Content starts
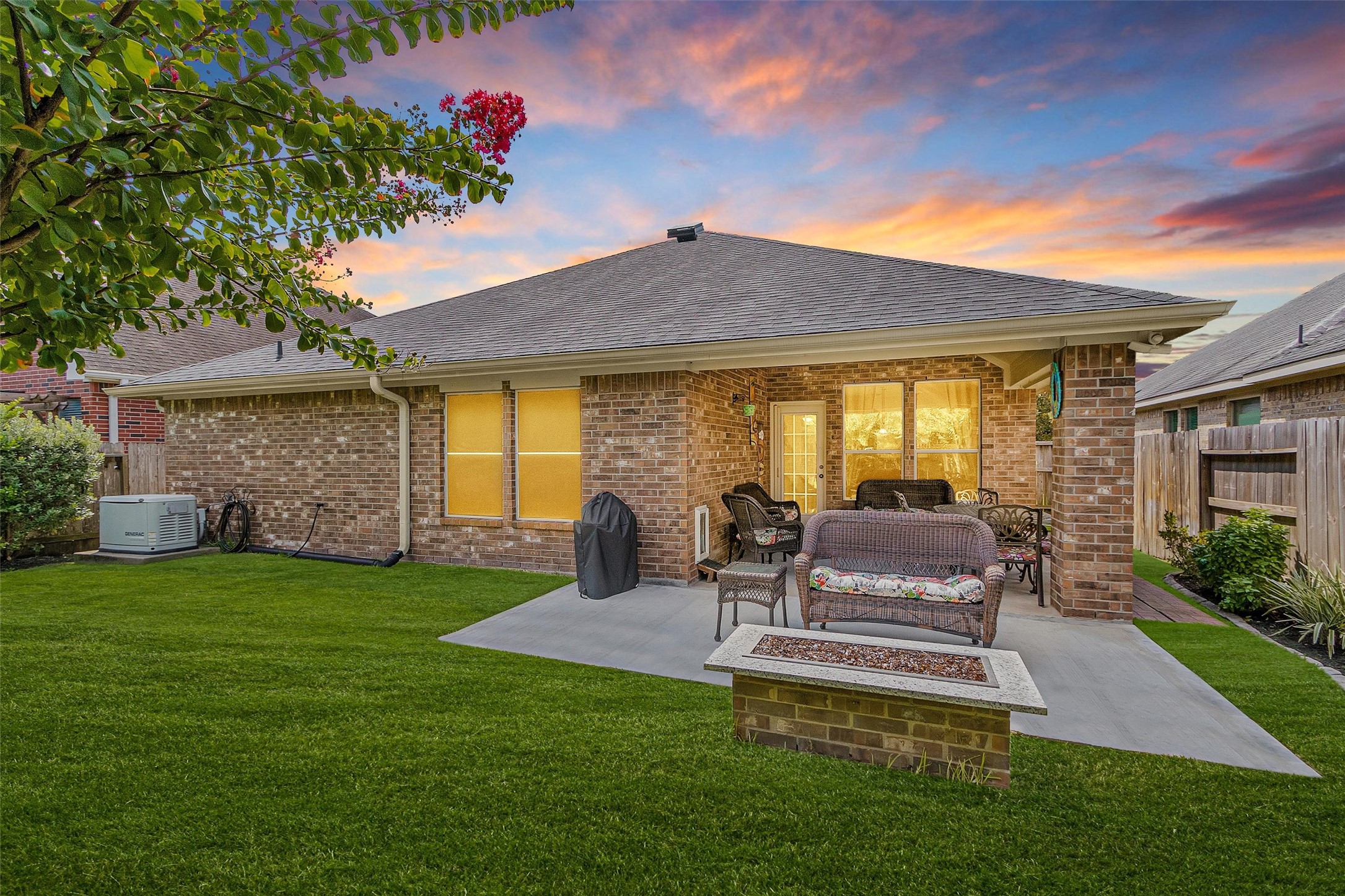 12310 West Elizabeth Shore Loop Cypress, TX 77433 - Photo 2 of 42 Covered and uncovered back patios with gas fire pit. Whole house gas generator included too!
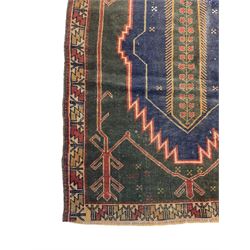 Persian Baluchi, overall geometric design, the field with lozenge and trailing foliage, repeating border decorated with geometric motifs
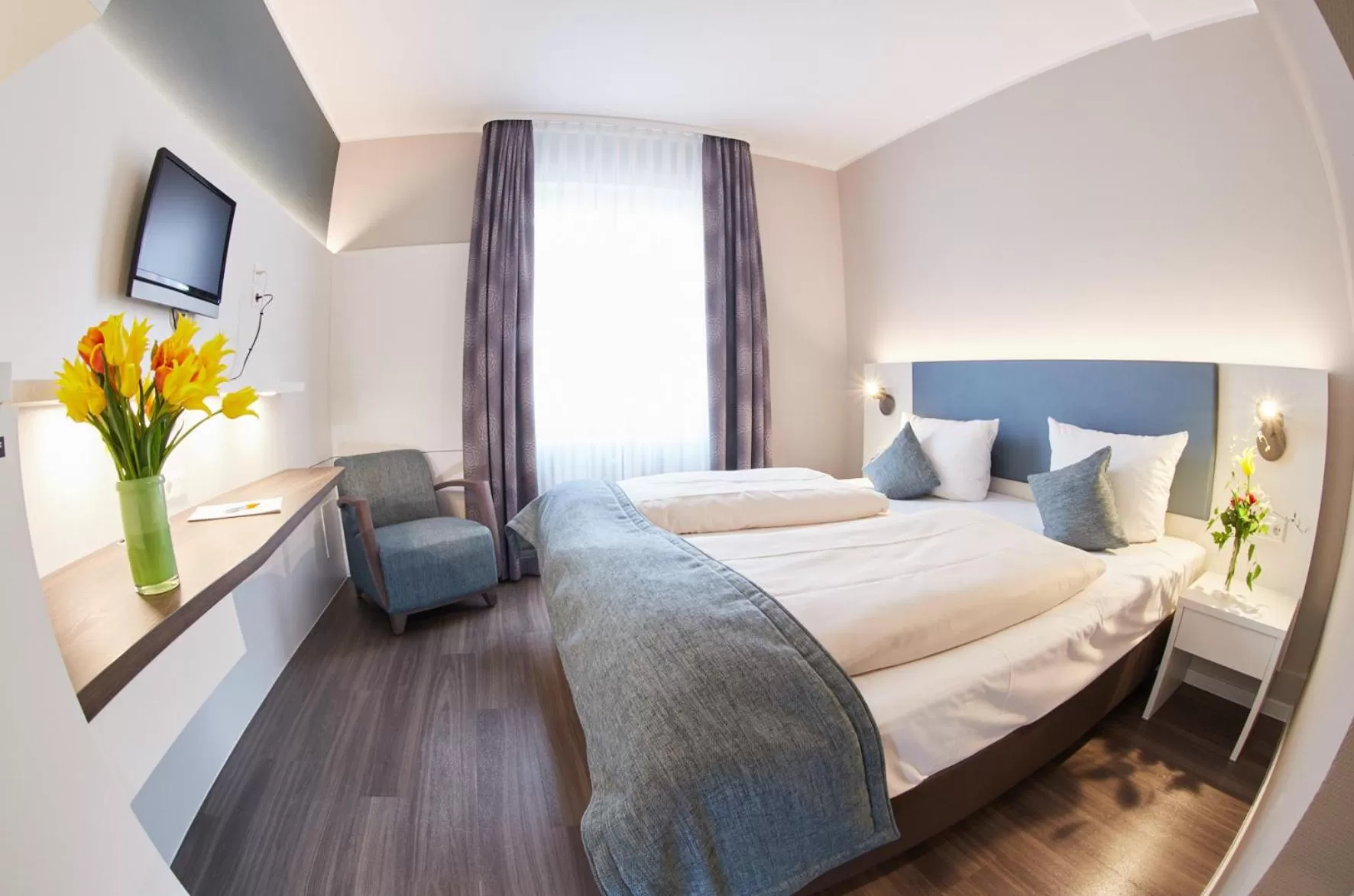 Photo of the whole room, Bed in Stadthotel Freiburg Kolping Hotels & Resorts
Content ends
• **REQUIRED WORK**
Pictures stay out. Everything else in the listing gets printed exactly.

• **SOLVED PROBLEM**
 12310 West Elizabeth Shore Loop Cypress, TX 77433 - Photo 2 of 42 Covered and uncovered back patios with gas fire pit. Whole house gas generator included too!
 Persian Baluchi, overall geometric design, the field with lozenge and trailing foliage, repeating border decorated with geometric motifs
 Photo of the whole room, Bed in Stadthotel Freiburg Kolping Hotels & Resorts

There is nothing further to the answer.